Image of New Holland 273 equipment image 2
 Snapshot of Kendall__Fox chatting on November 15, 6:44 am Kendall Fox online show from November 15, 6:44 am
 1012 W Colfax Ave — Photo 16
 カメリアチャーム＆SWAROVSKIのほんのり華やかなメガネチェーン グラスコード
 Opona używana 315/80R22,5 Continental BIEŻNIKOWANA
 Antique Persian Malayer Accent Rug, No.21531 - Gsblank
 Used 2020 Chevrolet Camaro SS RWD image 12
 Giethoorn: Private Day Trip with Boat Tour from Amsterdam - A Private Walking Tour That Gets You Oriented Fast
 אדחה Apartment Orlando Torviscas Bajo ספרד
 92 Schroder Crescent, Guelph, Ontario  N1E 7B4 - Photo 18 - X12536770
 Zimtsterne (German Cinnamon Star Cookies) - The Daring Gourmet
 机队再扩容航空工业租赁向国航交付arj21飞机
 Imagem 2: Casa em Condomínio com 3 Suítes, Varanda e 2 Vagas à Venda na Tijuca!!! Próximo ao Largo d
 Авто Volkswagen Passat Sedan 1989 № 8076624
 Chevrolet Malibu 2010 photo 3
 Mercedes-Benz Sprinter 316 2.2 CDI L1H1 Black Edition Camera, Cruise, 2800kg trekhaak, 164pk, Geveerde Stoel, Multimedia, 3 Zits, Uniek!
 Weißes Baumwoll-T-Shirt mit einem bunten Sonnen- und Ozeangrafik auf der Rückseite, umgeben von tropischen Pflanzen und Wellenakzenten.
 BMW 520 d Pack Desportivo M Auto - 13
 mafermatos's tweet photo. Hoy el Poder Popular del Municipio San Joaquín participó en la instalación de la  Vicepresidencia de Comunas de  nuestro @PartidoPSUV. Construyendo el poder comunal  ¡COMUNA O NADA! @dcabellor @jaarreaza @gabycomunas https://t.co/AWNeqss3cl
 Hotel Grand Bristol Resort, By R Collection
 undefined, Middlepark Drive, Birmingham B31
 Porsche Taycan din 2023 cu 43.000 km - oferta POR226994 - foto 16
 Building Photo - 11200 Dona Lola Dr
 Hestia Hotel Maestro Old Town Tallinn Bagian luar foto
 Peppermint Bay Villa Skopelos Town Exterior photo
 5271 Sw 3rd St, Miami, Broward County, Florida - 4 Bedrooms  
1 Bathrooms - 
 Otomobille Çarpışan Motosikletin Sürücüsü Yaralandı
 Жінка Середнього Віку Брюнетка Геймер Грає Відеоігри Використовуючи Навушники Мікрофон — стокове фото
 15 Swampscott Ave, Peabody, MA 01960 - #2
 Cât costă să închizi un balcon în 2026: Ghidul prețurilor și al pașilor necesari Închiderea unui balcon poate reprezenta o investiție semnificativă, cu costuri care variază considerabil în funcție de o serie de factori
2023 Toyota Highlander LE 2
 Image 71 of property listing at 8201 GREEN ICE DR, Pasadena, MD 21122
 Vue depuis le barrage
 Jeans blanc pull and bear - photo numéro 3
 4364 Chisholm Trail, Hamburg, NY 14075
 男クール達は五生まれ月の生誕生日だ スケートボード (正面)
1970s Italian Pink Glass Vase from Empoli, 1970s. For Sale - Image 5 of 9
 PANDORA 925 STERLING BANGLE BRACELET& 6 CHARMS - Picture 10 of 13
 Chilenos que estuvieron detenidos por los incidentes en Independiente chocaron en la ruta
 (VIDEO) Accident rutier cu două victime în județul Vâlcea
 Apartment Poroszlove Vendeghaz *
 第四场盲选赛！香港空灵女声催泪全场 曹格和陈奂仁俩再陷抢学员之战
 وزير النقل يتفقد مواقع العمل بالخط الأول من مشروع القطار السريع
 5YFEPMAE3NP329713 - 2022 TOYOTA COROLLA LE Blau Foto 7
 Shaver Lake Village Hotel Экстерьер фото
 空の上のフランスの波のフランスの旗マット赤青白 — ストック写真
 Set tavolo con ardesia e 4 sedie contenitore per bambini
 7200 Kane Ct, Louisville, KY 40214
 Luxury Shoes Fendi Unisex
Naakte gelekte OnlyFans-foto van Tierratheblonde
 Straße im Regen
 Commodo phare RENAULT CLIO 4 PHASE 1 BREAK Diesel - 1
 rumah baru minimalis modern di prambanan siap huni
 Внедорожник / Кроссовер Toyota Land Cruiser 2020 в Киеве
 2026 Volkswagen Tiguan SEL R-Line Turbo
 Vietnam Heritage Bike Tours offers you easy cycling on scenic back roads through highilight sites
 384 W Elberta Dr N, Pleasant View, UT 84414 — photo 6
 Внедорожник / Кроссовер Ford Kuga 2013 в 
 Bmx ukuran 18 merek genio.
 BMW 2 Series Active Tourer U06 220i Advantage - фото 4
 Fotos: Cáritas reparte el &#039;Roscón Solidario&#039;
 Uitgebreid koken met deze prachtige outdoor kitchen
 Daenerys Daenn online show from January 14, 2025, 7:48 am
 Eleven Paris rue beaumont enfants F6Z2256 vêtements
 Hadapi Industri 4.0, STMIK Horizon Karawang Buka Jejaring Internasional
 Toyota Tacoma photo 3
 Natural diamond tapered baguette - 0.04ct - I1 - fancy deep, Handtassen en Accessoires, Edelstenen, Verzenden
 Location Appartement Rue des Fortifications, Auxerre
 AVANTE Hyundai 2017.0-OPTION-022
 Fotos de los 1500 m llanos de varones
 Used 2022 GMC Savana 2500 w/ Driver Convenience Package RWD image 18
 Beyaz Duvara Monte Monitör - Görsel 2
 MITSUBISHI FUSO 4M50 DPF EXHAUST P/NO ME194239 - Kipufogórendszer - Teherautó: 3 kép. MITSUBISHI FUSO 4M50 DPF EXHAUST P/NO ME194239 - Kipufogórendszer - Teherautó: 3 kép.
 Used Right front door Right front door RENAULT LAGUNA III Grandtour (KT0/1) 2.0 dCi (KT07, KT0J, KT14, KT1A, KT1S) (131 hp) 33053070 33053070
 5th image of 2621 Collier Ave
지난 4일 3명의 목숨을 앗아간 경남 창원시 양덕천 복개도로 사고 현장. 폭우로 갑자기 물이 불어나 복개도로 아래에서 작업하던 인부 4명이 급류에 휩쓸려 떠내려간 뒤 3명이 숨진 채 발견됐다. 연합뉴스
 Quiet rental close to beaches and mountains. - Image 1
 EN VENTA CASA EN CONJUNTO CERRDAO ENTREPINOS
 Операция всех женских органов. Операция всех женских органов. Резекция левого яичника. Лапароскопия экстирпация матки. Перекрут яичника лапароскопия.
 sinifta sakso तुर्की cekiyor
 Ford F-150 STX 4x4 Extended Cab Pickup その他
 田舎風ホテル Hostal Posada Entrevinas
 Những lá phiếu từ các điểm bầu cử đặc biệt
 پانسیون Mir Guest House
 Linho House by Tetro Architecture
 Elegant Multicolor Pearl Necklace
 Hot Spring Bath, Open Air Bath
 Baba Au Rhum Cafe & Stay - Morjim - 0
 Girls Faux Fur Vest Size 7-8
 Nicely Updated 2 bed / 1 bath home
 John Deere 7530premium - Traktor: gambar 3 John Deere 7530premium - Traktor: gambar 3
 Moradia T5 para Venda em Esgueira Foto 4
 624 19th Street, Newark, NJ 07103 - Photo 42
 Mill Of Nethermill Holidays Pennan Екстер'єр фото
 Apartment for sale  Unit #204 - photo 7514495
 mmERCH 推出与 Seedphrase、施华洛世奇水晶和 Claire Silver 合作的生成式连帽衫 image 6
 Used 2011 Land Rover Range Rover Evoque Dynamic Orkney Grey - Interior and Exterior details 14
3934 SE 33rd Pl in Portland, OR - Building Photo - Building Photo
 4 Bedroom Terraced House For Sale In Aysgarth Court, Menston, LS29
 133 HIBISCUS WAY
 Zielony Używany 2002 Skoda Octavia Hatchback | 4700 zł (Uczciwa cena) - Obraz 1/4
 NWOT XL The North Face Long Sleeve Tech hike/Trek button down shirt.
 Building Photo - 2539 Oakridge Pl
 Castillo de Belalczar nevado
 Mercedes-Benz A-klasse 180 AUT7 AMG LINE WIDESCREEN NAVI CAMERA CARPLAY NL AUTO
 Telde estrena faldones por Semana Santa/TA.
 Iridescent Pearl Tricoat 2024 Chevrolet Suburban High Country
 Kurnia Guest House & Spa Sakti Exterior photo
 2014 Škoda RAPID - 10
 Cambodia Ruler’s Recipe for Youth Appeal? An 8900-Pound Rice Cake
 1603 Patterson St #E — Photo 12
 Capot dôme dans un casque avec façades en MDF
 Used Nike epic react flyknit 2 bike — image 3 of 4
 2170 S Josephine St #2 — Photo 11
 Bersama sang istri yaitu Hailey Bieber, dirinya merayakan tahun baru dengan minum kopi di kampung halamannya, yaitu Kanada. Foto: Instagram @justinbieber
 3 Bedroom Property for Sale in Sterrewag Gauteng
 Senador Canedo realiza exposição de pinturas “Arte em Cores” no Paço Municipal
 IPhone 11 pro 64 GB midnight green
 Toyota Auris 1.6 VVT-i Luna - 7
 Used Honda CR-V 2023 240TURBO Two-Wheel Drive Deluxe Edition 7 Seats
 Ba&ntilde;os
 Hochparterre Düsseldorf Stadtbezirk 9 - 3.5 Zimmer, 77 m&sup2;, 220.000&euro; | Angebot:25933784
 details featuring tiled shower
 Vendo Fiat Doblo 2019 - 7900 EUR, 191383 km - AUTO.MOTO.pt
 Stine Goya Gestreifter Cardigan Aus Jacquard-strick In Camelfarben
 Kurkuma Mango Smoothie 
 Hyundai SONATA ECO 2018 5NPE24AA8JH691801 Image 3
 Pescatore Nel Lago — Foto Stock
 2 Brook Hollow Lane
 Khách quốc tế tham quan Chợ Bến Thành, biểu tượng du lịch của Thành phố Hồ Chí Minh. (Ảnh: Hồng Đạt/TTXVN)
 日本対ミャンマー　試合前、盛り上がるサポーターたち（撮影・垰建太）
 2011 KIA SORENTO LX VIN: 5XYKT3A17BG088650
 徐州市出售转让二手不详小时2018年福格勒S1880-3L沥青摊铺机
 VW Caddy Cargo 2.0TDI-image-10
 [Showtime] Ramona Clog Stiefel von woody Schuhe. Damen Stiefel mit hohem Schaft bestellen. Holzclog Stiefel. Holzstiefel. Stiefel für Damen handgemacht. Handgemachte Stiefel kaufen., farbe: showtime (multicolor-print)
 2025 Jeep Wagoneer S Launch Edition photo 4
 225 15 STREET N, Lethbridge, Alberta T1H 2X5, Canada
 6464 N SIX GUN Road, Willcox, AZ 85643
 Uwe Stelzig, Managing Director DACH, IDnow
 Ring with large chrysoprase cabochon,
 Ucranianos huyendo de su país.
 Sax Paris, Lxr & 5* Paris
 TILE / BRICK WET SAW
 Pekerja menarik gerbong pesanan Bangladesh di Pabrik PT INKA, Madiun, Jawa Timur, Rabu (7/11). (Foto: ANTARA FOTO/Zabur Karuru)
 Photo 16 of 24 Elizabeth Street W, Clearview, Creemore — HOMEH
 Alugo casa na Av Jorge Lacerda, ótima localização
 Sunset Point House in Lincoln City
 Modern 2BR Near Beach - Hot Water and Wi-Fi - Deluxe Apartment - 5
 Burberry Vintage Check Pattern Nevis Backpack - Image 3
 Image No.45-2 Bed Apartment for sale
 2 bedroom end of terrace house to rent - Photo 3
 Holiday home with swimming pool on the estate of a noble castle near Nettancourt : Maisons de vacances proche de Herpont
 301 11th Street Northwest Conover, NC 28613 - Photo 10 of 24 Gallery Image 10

______

YOUR OBJECTIVE:
Give back exactly the material above from its opening line to the line bearing "Weißes Baumwoll-T-Shirt mit".

RESPONSE AREA:
Image of New Holland 273 equipment image 2
 Snapshot of Kendall__Fox chatting on November 15, 6:44 am Kendall Fox online show from November 15, 6:44 am
 1012 W Colfax Ave — Photo 16
 カメリアチャーム＆SWAROVSKIのほんのり華やかなメガネチェーン グラスコード
 Opona używana 315/80R22,5 Continental BIEŻNIKOWANA
 Antique Persian Malayer Accent Rug, No.21531 - Gsblank
 Used 2020 Chevrolet Camaro SS RWD image 12
 Giethoorn: Private Day Trip with Boat Tour from Amsterdam - A Private Walking Tour That Gets You Oriented Fast
 אדחה Apartment Orlando Torviscas Bajo ספרד
 92 Schroder Crescent, Guelph, Ontario  N1E 7B4 - Photo 18 - X12536770
 Zimtsterne (German Cinnamon Star Cookies) - The Daring Gourmet
 机队再扩容航空工业租赁向国航交付arj21飞机
 Imagem 2: Casa em Condomínio com 3 Suítes, Varanda e 2 Vagas à Venda na Tijuca!!! Próximo ao Largo d
 Авто Volkswagen Passat Sedan 1989 № 8076624
 Chevrolet Malibu 2010 photo 3
 Mercedes-Benz Sprinter 316 2.2 CDI L1H1 Black Edition Camera, Cruise, 2800kg trekhaak, 164pk, Geveerde Stoel, Multimedia, 3 Zits, Uniek!
 Weißes Baumwoll-T-Shirt mit einem bunten Sonnen- und Ozeangrafik auf der Rückseite, umgeben von tropischen Pflanzen und Wellenakzenten.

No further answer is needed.